Pre-stated predictions are essential because without them, you'll interpret any outcome as consistent with the schema (confirmation bias). "I predicted that [specific outcome] would occur under [specific conditions]" — then observe whether it actually did. The gap between prediction and reality is the diagnostic signal.
When This Fires
- Before acting on any belief that hasn't been tested against reality
- Before scaling a small success into a larger commitment
- When a schema feels theoretically sound but has never been reality-tested
- During any decision where the stakes are high enough that testing at small scale first is worthwhile
Common Failure Mode
Testing at too large a scale: "I'll test my management philosophy by restructuring the entire team." If the schema is wrong, the restructuring damages the team before you learn.
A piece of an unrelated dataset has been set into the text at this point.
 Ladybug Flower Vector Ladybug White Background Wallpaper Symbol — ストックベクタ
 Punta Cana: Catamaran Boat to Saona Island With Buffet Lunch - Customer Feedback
Test at minimum viable scale: apply the philosophy in one 1:1 meeting and observe results against your prediction.
The Protocol
Before consequential action based on a schema: (1) State your prediction: "If [schema] is correct, then [specific observable outcome] will occur when [specific action] is taken." (2) Design the smallest-scale test: what's the minimum action that would produce observable evidence for or against the prediction? (3) Execute the test. (4) Compare actual results to your pre-stated prediction. (5) If prediction holds → increase scale cautiously. If prediction fails → revise the schema before scaling. The small-scale test costs hours; the untested large-scale action costs months.